Executive Order 14347
- Front page of Executive Order 14347
- Type: Executive order
- Number: 14347
- President: Donald Trump
- Signed: September 5, 2025

Federal Register details
- Federal Register document number: 2025-17508
- Publication date: September 5, 2025

Summary
- The executive order aims to rename the United States Department of Defense to the Department of War.

= Executive Order 14347 =

2025 U.S. Department of Defense rebranding

Executive Order 14347, titled Restoring the United States Department of War, is an executive order signed by Donald Trump, the 47th president of the United States, on September 5, 2025. Among U.S. federal agencies, the order authorized the use of the secondary title "Department of War" for the United States Department of Defense in non-statutory communications.
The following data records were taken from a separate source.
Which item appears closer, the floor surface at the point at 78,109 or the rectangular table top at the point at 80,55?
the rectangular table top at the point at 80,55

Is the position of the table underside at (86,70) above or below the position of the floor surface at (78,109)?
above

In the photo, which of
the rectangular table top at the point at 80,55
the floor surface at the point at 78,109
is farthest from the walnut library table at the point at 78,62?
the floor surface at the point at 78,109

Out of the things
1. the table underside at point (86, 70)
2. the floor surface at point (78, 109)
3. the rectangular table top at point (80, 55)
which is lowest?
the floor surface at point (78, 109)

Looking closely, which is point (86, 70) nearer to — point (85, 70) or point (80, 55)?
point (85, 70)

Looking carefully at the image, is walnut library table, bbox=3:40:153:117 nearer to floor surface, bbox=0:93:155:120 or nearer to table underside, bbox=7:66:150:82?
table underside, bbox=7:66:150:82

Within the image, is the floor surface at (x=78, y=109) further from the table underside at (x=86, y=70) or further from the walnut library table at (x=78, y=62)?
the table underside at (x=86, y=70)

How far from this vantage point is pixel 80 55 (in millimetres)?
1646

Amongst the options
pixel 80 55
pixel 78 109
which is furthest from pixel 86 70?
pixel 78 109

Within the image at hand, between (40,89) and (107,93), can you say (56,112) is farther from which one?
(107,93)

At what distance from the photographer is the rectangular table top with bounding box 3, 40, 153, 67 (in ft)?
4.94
The Defense Department now refers to itself as the "Department of War" in public and on its website, but is still technically named the Department of Defense, as only an act of Congress can formally change the name of a federal department.

== Background ==
Prior to 1947, civilian control of the United States Armed Forces was overseen by two Cabinet-level executive departments: the United States Department of War and the United States Department of the Navy. The National Security Act of 1947 reorganized the US military by establishing the National Military Establishment (NME) headed by the secretary of defense, placing the Navy Department and the War Department underneath it, renaming the latter to the Department of the Army, and spinning off the Department of the Air Force. Two years later, the National Military Establishment was renamed the Department of Defense, reportedly because "NME" was pronounced like "enemy".

== Provisions ==
The secretary of defense is authorized to use the secondary title of secretary of war, including in official correspondence and public communications. Accordingly, the Department of Defense and the Office of the Secretary of Defense are authorized to be referred to as the Department of War and Office of the Secretary of War, respectively, in the same contexts. The same standards are applied for the deputy secretary of defense and under secretaries of defense.
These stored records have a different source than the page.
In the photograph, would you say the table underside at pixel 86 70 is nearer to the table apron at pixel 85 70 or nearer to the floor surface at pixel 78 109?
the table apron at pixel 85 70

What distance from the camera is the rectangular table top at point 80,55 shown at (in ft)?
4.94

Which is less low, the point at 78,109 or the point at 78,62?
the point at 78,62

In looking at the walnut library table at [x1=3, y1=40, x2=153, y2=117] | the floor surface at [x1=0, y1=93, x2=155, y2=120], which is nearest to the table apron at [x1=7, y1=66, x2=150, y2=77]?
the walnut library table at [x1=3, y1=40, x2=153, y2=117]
Other federal agencies are required to recognize and accommodate the secondary titles, though it recognizes that statutory references can only be changed by law. Accordingly, the secretary is required to submit a recommendation to the president on necessary legislative actions to accomplish the order's goal.

== Implementation ==

Shortly after Trump signed the executive order, the official website of the Department of Defense was rebranded to use the "Department of War" name and its URL was changed to "war.gov". However, the "Defense" names remain the only statutory names, as only an act of Congress can formally change these titles. In November 2025, insiders interviewed by NBC News estimated that implementation could cost $2 billion USD, with half of that amount dedicated to new letterhead and signage. When asked about the estimate, department spokesperson Sean Parnell replied that costs had not been finalized.

== Reactions ==
Trump labeled the Department of Defense name as "woke" and claimed the new name "sends a message of victory". Secretary Pete Hegseth said the decision would "set the tone for the country." Current and former department officials expressed concern over the cost of the rebranding, which would potentially require changing departmental seals on 700,000 military facilities, and logos on everything from letterheads to napkins. Larry Wilkerson, the chief of staff to former secretary of state Colin Powell described the rebranding as "very, very costly" and estimated that it could cost hundreds of millions of dollars. Others stated that the new name reflected the status of the United States as a global superpower, including representative Ryan Zinke who stated "There's a projection of power the United States has to have".

Congressional Republicans generally supported the name change, with senators Rick Scott and Mike Lee introducing legislation to formalize the change. Others, including former Senate minority leader Mitch McConnell partially criticized the change as superficial and stated that "'Peace through strength' requires investment, not just rebranding". Democrats opposed the change, particularly Illinois Democrats. Trump had threatened that the former would "learn why it's called the Department of War" by deploying federal troops to combat crime in the city. Illinois governor JB Pritzker labeled this as "not normal", while Chicago mayor Brandon Johnson called the threats "beneath the honor of our nation".